This is rather romantically obscure: On June 18, 1829, a stranger arrived on the American side of Niagara Falls and took a room at a local hotel. His name was Francis Abbott, and after viewing the falls he declared himself so enchanted that he extended his stay from a few days to a week, and then to a month. Eventually he took up residence in an old cottage on Goat Island, where he lived alone contemplating the falls for some 20 months. Occasionally he could be seen walking precariously along a single beam of timber that projected over the flood at the Terrapin Bridge. On June 10, 1831, he disappeared while bathing in the water, and on June 21 his body was discovered downstream at Fort Niagara.
Abbott had shunned society increasingly, but the villagers who had interacted with him could assemble a picture. He was an English gentleman of a finished education, skilled in music and drawing, and had visited Egypt, Palestine, Turkey, Greece, Italy, Spain, Portugal, and France. He wrote in Latin but destroyed his compositions. When the villagers investigated his hut they found his dog at the door and his cat on the bed; his guitar, his violin, flutes, and music books were scattered about, but his portfolio and the leaves of a large book were blank.

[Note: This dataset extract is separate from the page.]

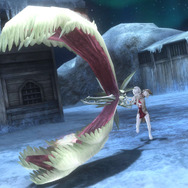 『ゴッドイーター リザレクション』3種の新捕喰スタイルが公開! 『OFF SHOT アリサ編』最新情報も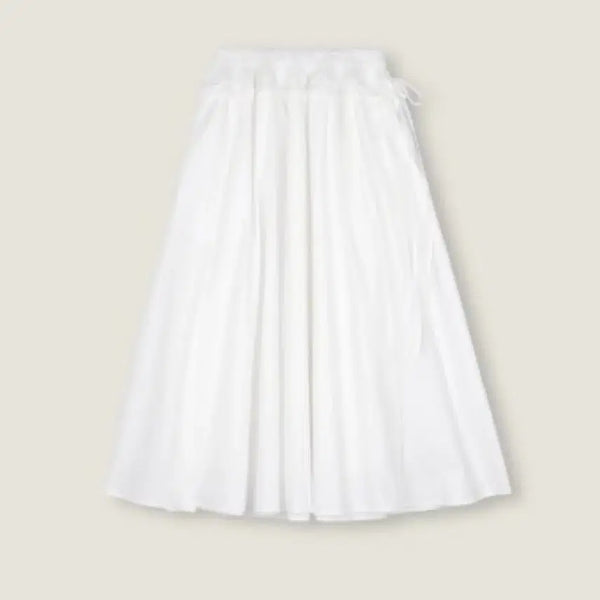 [BUNJANG] Leplaine Irvine Smoke Skirt - Short / 르플레인 Irvine Smoke Skirt - Short 어베인 스모크 스커트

“What, it will be asked, could have broken up and destroyed such a mind as Francis Abbott’s?” asked the New York Mirror. “What could have driven him from the society he was so well qualified to adorn — and what transform him, noble in person and in intellect, into an isolated anchorite, shunning the association of his fellow-men? The history of his misfortunes is not known, and the cause of his unhappiness and seclusion will, undoubtedly, to us be ever a mystery.”